Читать книгу Любовник леди Чаттерлей / Lady Chatterley's Lover онлайн | страница 53

“Do you like me?”

“Very much! And you see there’s no question of kissing between us, is there?”

“None at all!” said Connie. “But oughtn’t there to be?”

“Why, in God’s name? I like Clifford, but what would you say if I went and kissed him?”

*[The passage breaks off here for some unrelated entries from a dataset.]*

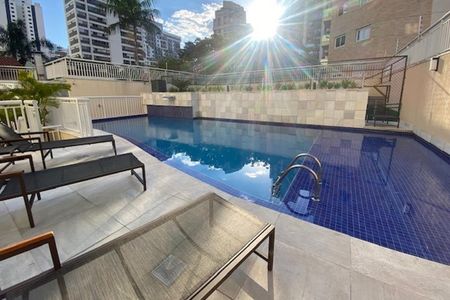 Apartamento à venda com 205m², 3 quartos e 3 vagas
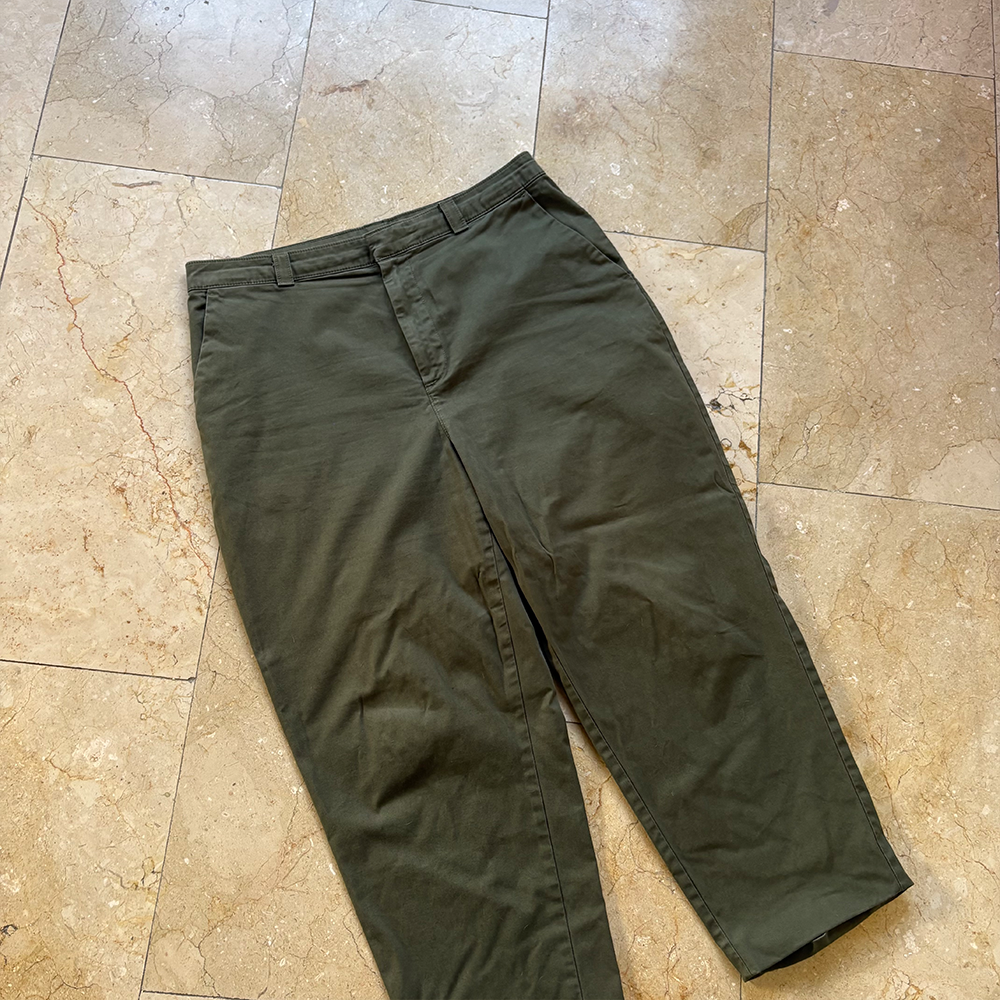 Gap Mid Rise Twill Barrel Pants (14)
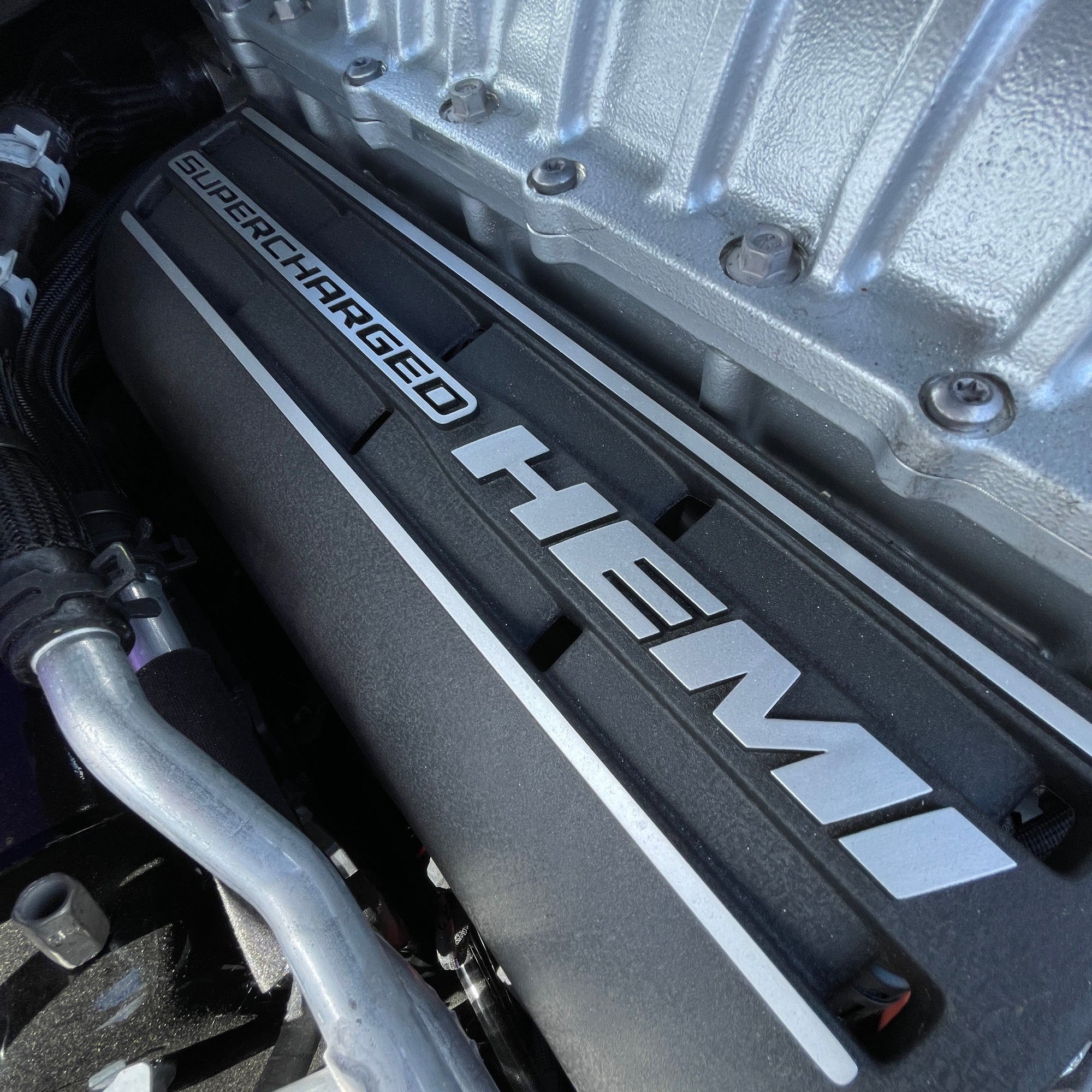 DODGE SRT HELLCAT WIDEBODY - PITCH BLACK WITH BLACK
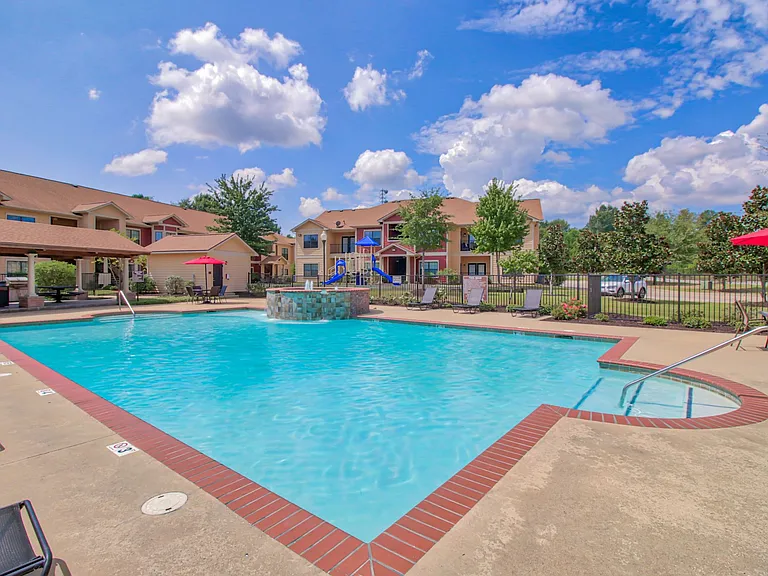 Vista Ridge Apartments — Photo 14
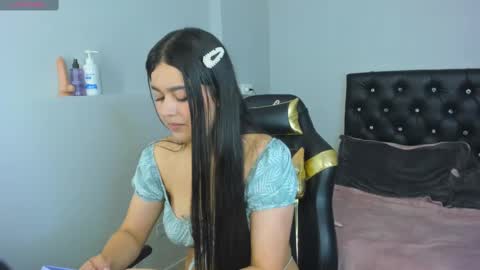 Isabella online show from 11.19.25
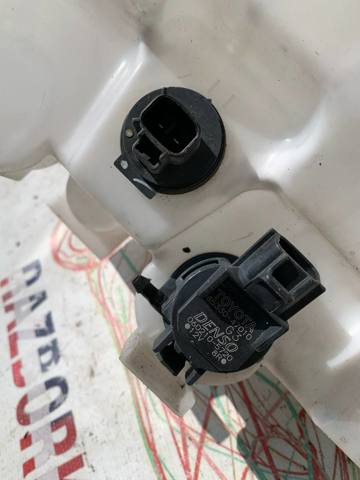 Електропомпа омивача переднього скла 8533006070 TOYOTA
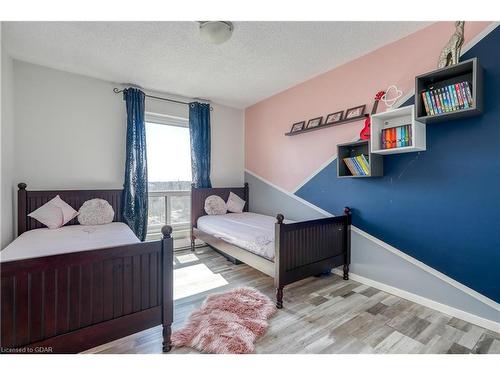 1101-358 Waterloo Avenue, Guelph, ON - Indoor Photo Showing Bedroom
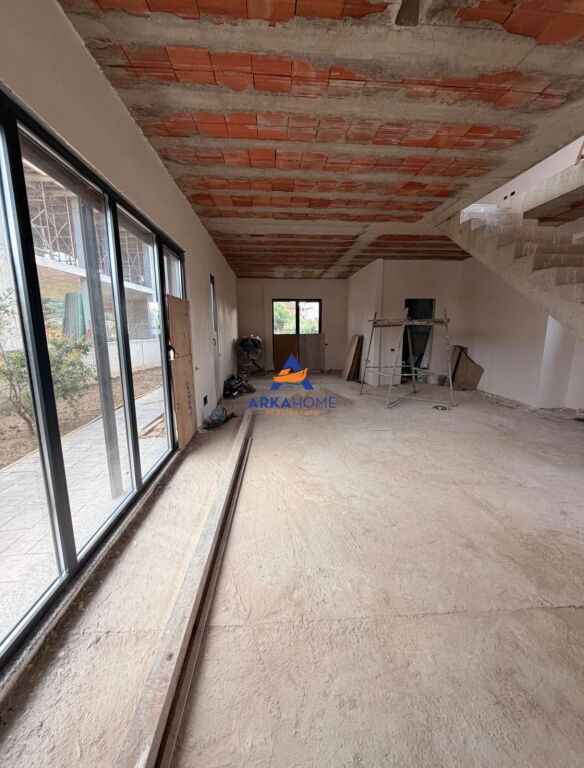 VILLA SU DUE PIANI IN AFFITTO "VICINO A TEG" PREZZO SECONDO RICHIESTA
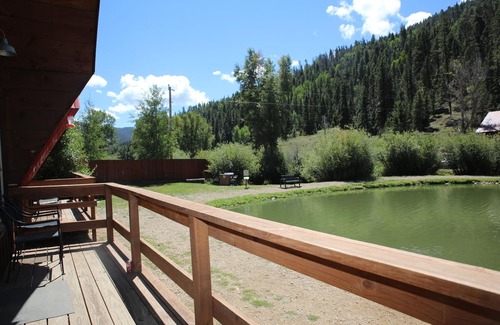 Red River Cabin | Located on our Private Fishing Pond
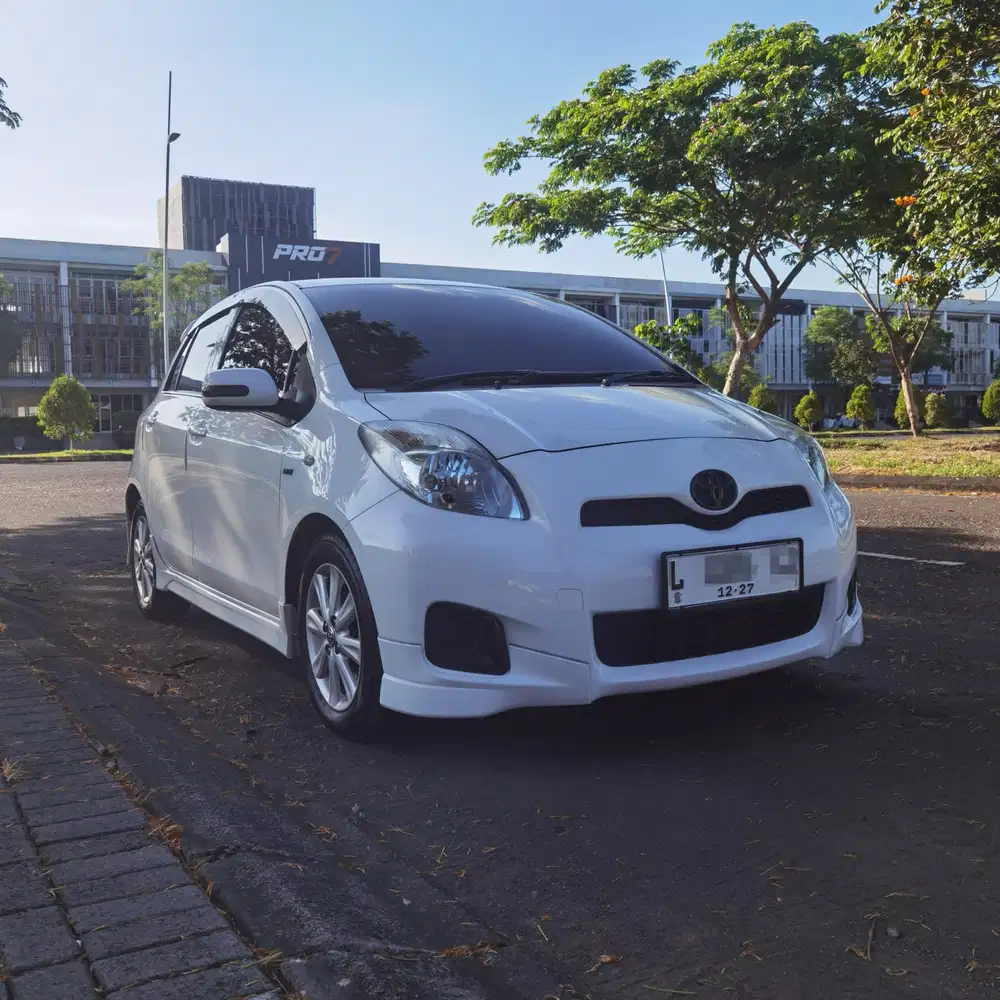 Toyota Yaris 2012 Bensin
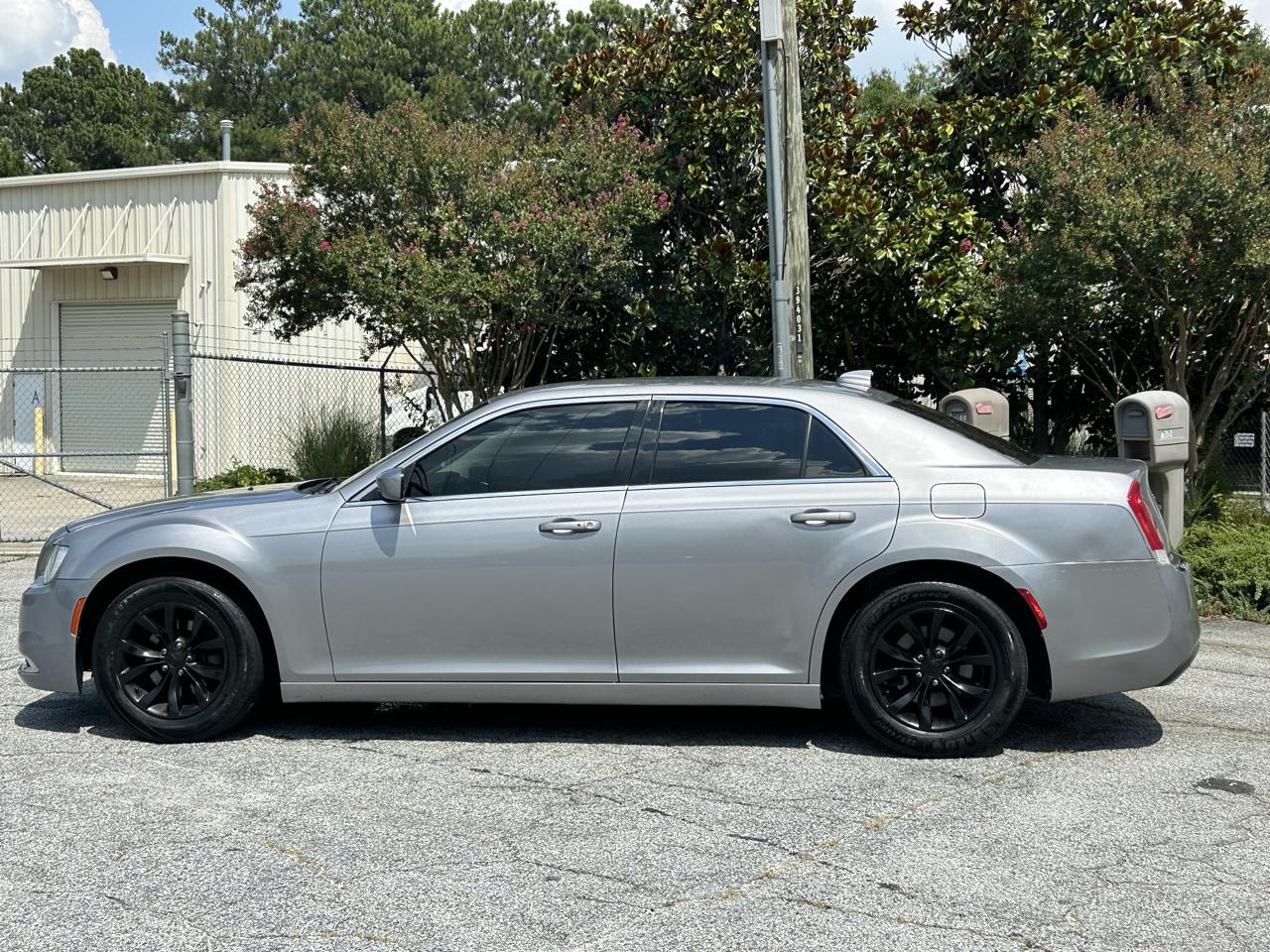 Chrysler 300 Limited RWD 2015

“But isn’t there a difference?”

“Where does it lie, as far as we’re concerned? We’re all intelligent human beings, and the male and female business is in abeyance. Just in abeyance. How would you like me to start acting up like a continental[42] male at this moment, and parading the sex thing?”

“I should hate it.”

“Well then! I tell you, if I’m really a male thing at all, I never run across the female of my species. And I don’t miss her, I just like women. Who’s going to force me into loving or pretending to love them, working up the sex game?”

“No, I’m not. But isn’t something wrong?”

“You may feel it, I don’t.”

“Yes, I feel something is wrong between men and women. A woman has no glamour for a man any more.”

“Has a man for a woman?”

She pondered the other side of the question.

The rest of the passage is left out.